Given the uncertainty and unique challenges of marketing during a pandemic, we’d like to share insights we’ve gained by observing recent behaviors and trends and listening to the concerns of our customers.
Opportunities for B2C
It’s no secret that people are spending more time at home than ever. They’re working from home and ordering in instead of dining out. Many people are feeling isolated and can’t wait to see what’s in the mail, and mailboxes are far less crowded than inboxes.
We’ve seen B2C clients increase the frequency of their direct mail marketing and test new mail formats. For example, if you typically send envelopes, send a 6×9 postcard. Spend a little extra time on the design to grab the recipient’s attention.
Also, customers are still using direct mail as a closed-loop marketing process. In other words, the mailing is self-contained and doesn’t rely on anything else for someone to respond. This is a simple formula that continues to be effective.
Time to Pause for B2B
Any business or organization that is capable of having its employees work from home is doing so. Most B2B companies, including Digital Dog Direct, have paused direct mail because people just aren’t in the office. Instead of mailing our newsletters and quarterly calendar, we’re reaching out via social media with digital downloads. While the print versions have more impact, money can be more wisely spent on digital until more people return to a physical workplace. Only use direct mail after verifying that the recipients’ locations are open.
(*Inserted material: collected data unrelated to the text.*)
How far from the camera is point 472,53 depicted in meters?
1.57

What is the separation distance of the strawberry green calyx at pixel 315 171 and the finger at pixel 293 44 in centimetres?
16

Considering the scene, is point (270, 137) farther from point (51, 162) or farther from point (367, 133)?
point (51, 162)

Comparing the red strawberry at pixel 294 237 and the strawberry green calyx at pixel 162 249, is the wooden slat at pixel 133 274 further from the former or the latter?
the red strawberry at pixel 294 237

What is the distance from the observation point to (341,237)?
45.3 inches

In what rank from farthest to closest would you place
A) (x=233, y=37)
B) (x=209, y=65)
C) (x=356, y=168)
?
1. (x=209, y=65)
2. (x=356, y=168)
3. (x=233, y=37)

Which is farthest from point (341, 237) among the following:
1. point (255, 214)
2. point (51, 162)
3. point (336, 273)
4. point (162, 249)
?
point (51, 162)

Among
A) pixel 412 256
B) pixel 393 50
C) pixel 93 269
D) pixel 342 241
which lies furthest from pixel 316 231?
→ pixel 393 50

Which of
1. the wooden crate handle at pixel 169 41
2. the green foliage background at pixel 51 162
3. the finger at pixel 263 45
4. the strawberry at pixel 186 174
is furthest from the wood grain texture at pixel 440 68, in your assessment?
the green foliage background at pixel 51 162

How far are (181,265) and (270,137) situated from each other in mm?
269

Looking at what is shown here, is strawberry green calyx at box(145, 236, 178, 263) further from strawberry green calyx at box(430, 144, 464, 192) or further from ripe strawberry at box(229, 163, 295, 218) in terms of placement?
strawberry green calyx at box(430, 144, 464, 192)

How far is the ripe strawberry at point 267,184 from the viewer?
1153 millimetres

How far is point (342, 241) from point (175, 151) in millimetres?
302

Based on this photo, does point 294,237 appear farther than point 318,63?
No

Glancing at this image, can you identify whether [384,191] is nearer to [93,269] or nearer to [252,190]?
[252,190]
Keeping Customers Informed
This has been a struggle for many businesses and nonprofits. Their customers want to know if they’re open, how they’re functioning, what products and services they are and are not offering, what precautions they’re taking to keep customers and employees safe, and whether hours of operation have changed.
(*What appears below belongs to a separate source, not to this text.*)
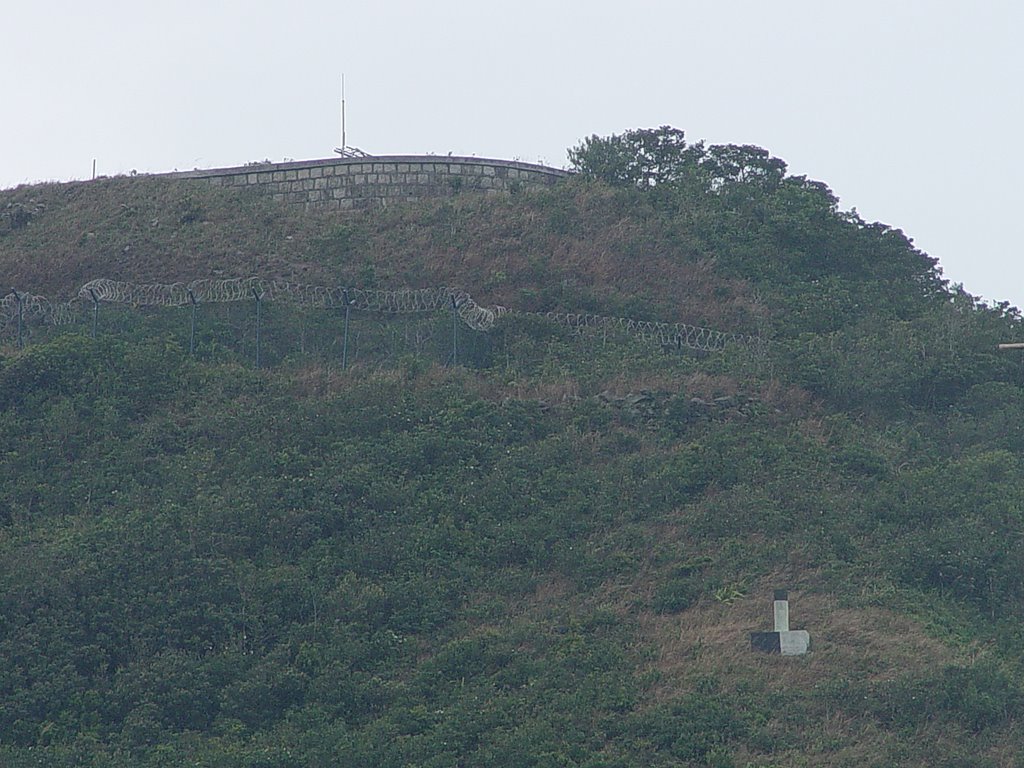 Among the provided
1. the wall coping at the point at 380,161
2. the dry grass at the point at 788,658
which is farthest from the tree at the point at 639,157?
the dry grass at the point at 788,658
Direct mail can help you communicate this information in a way that’s memorable and impactful. Rather than getting lost in a sea of emails, your message will stand out in the recipient’s mailbox and be kept in the home for future reference.
Using Appropriate Images and Messaging
This isn’t the time to show people gathering, closely interacting, and touching in tight spaces. Look for imagery that’s consistent with social distancing. Similarly, your messaging shouldn’t convey physical closeness. This is a difficult time, so be careful to avoid sounding like you’re exploiting a crisis. Show genuine empathy and focus on helping people rather than selling.
Continuing to Engage
The worst thing any organization can do is stop engaging completely. Share uplifting stories, even if they’re not business-related. Tell people about your philanthropic initiatives. Ask what you can do to help your customers. People appreciate companies that care, and everyone loves a good story.